# if you like mallards.......and i know you do.



## Sprig Kennels (Jan 13, 2009)

I took a drive out to the marsh tonight to check on the ice conditions but i didnt get very far when i saw this..... http://trainingyourretriever.com/mallards/ The videos dont do it justice because i could only capture a small percentage of the birds at one time. they just kept coming and coming and coming from out of nowhere and dropping in. I think it is safe to say a good number of mallards have arrived with this cold weather we have been having.


----------



## Chaser (Sep 28, 2007)

That's awesome! I would love to find the X like that one day.
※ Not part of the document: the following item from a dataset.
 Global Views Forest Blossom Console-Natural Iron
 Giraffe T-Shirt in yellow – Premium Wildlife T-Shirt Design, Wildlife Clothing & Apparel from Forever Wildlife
I'd love having landowner permission to actually hunt them even more!


----------



## Sprig Kennels (Jan 13, 2009)

i usually find scenes like that when i leave my gun and dog at home and when i am just doing some scouting. funny thing about these birds is tomorrow they will probably be somewhere else anyway. It's just a good sign there are birds that have moved in.


----------



## 90redryder (Oct 10, 2011)

That is a good sign, the duck hunting has been slow for me so far.


----------



## johnnycake (Jul 19, 2011)

How far north was this?


----------



## king eider (Aug 20, 2009)

Sweet! Looks like its time to stop by and visit Robert. Hunted The field right behind where you were filming last year. Had a few hunts where mallards worked us like that! From the hunt I had on a corn field on Saturday it does appear we've got an influx of mallards.

Here is a video I took with my smartphone last January. Field directly south from where you were filming. Really fun to sit and watch birds work like that!

http://www.youtube.com/watch?v=hNMLmwi- ... ata_player


----------



## Sprig Kennels (Jan 13, 2009)

king eider said:


> Sweet! Looks like its time to stop by and visit Robert. Hunted The field right behind where you were filming last year. Had a few hunts where mallards worked us like that! From the hunt I had on a corn field on Saturday it does appear we've got an influx of mallards.


i am sure if you ask the guy who did the scouting he would be able to go to :O•-: :mrgreen: j/k

if i am around tomorrow evening i am going to check out the area again and see if they come back


----------



## Sprig Kennels (Jan 13, 2009)

johnnycake said:


> How far north was this?


north of the bear river bird refuge by about 5-7 miles or so. even though it is on private ground i wont give out the exact location in fairness to the landowners so they dont get inundated with tons of people hitting them up.


----------



## king eider (Aug 20, 2009)

Sprig Kennels said:


> johnnycake said:
> 
> 
> > How far north was this?
> ...


Isn't that the truth. I had a farmer tell me last year his phone rang off the hook from folks a calling. He said he doesn't blame them for calling and glad they do rather then just trespass.


----------



## johnnycake (Jul 19, 2011)

No worries, I was just curious as to the general area as I know how these things can get out of hand. A buddy and I are trying to decide where to go wednesday morning and were wondering if it was worth the drive up north. Thanks, and hope you hit the x on your next hunt!


----------